* [PROBLEM DETAILS]: Nothing but the lines from the one containing "KOMATSU PC200-8N1 - Máy xúc bánh xích: hình 5 KOMATSU" to the end of the data should be copied, exactly, and the pictures stay out.

* [SOURCE DATA]:
________
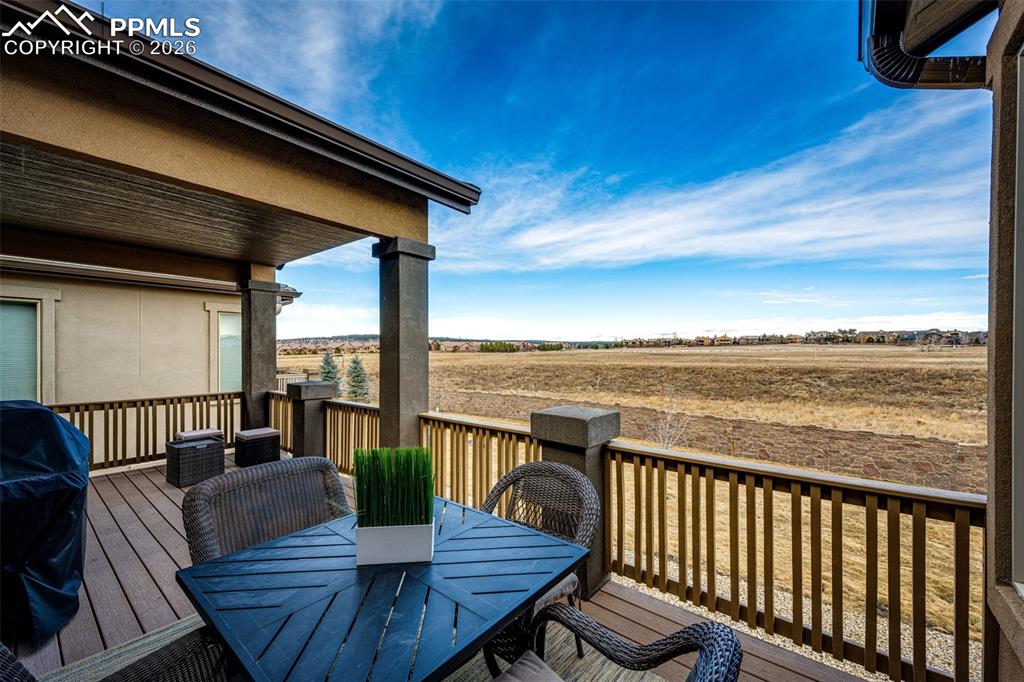 Image 43 of 45: Deck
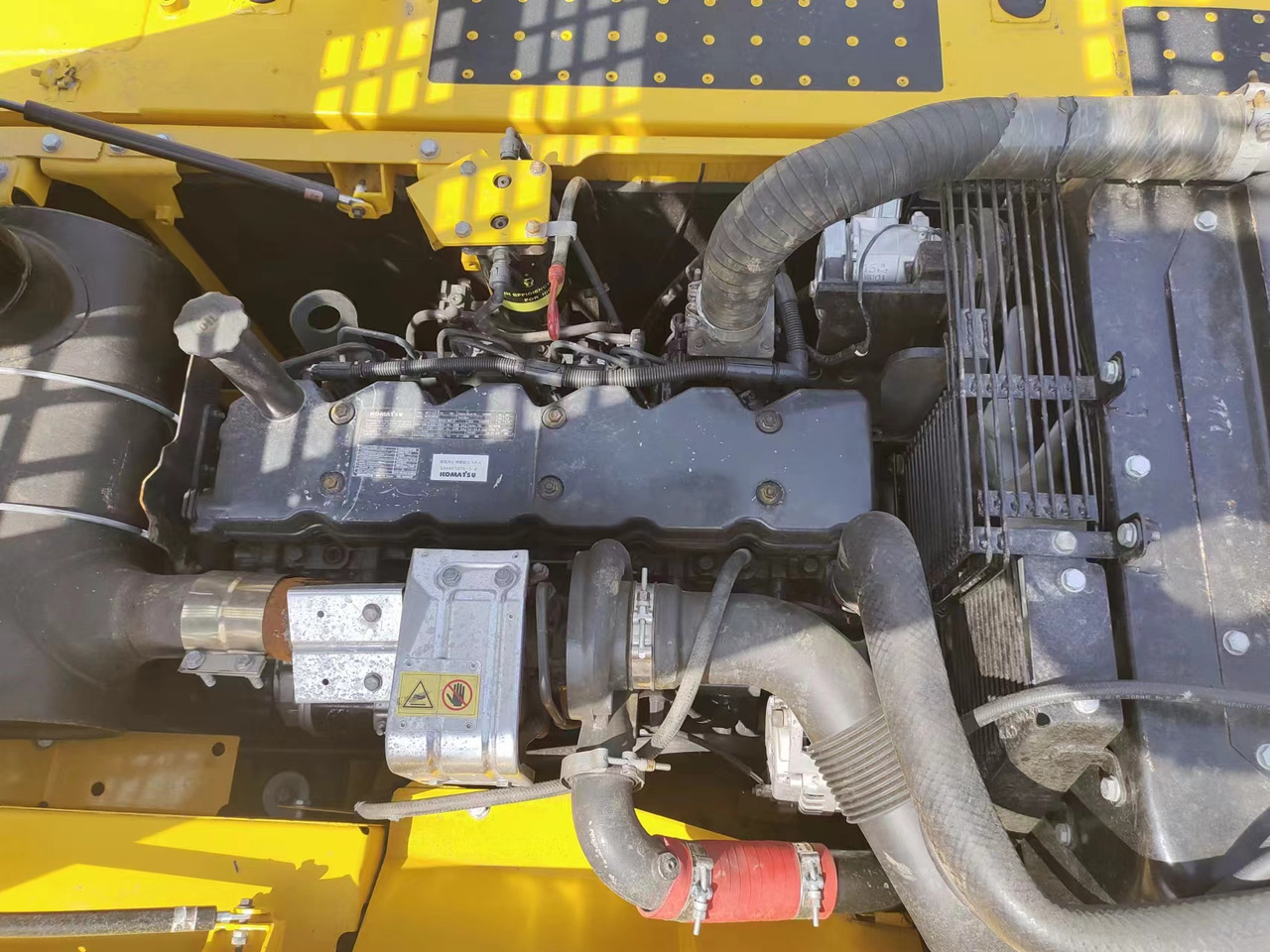 KOMATSU PC200-8N1 - Máy xúc bánh xích: hình 5 KOMATSU PC200-8N1 - Máy xúc bánh xích: hình 5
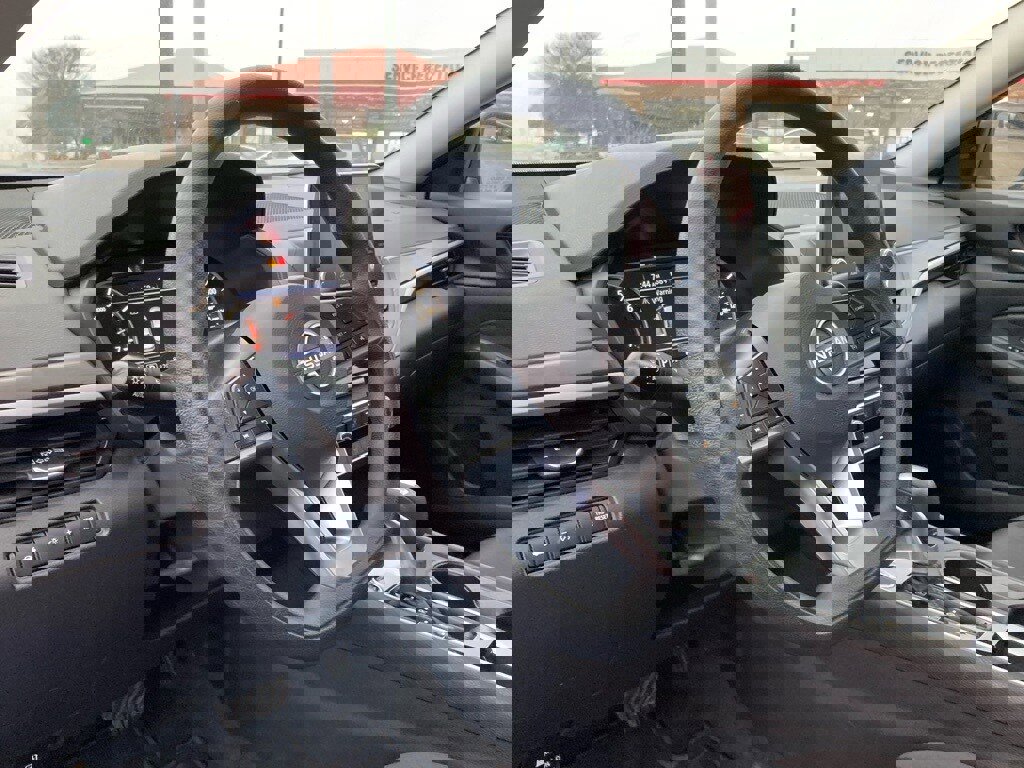 Used 2025 Nissan Altima 2.5 SV image 9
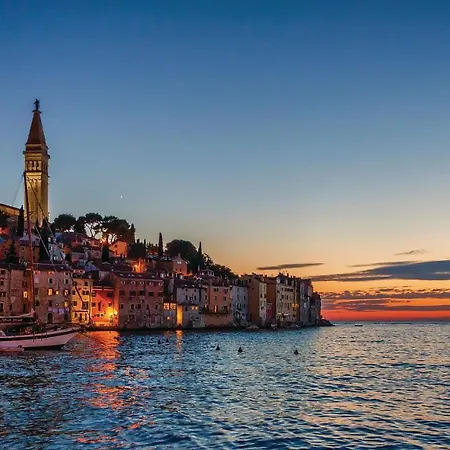 2 Bedroom Stunning In Rovinj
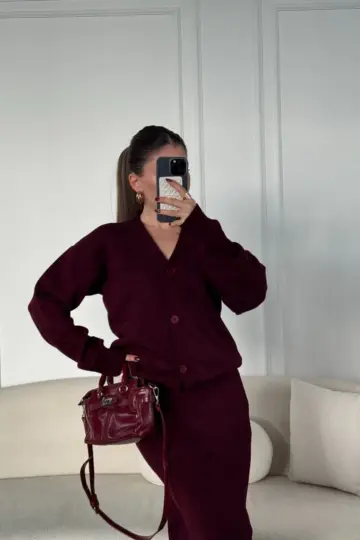 V Yaka 3 Düğmeli Hırka Triko İkili Alt-Üst Etekli Takım - Bordo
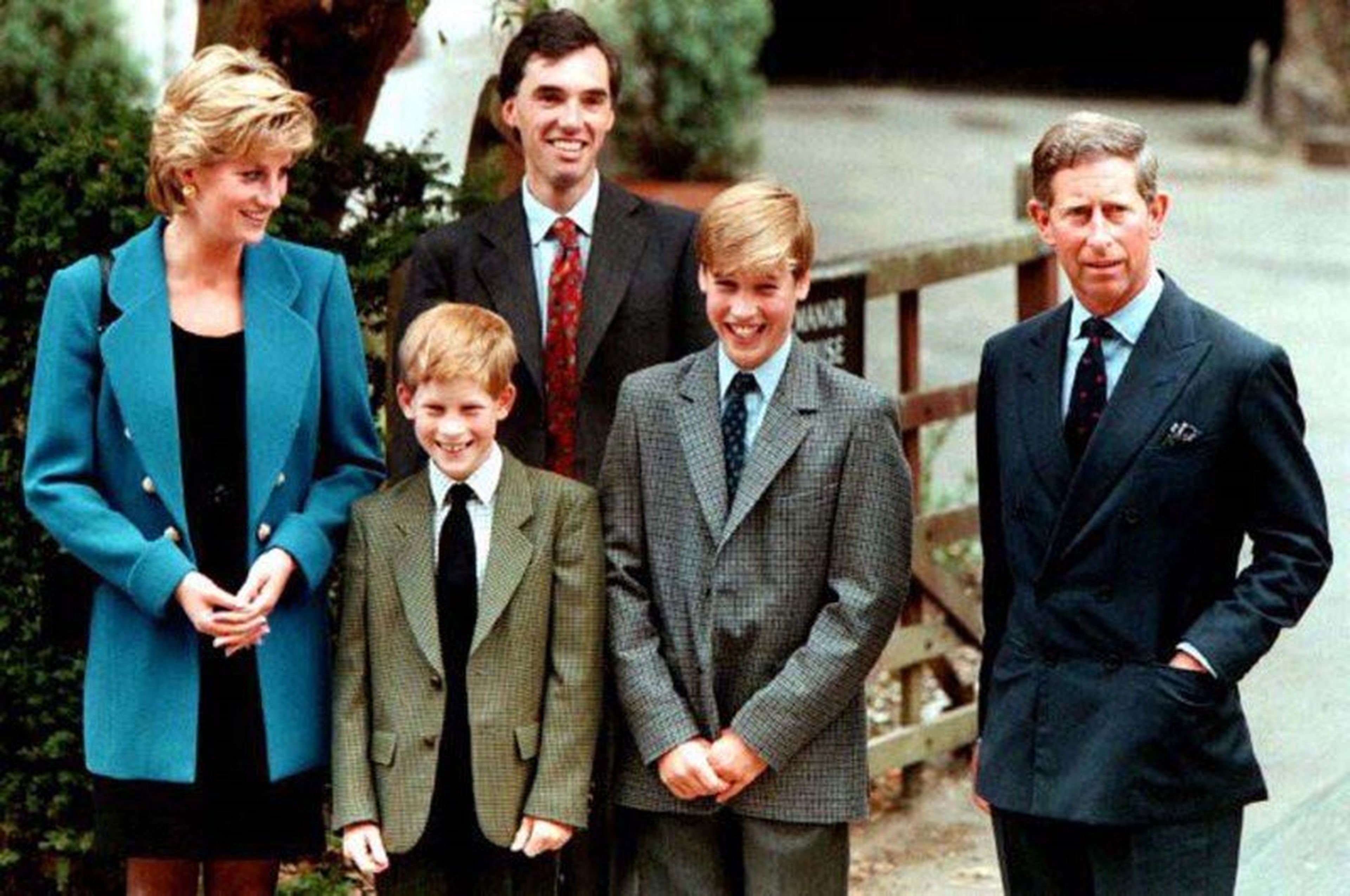 La Princesa Diana, el Príncipe Harry, el Príncipe William y el Príncipe Carlos en Eton.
________
* [EXPECTED ANSWER]:
 KOMATSU PC200-8N1 - Máy xúc bánh xích: hình 5 KOMATSU PC200-8N1 - Máy xúc bánh xích: hình 5
 Used 2025 Nissan Altima 2.5 SV image 9
 2 Bedroom Stunning In Rovinj
 V Yaka 3 Düğmeli Hırka Triko İkili Alt-Üst Etekli Takım - Bordo
 La Princesa Diana, el Príncipe Harry, el Príncipe William y el Príncipe Carlos en Eton.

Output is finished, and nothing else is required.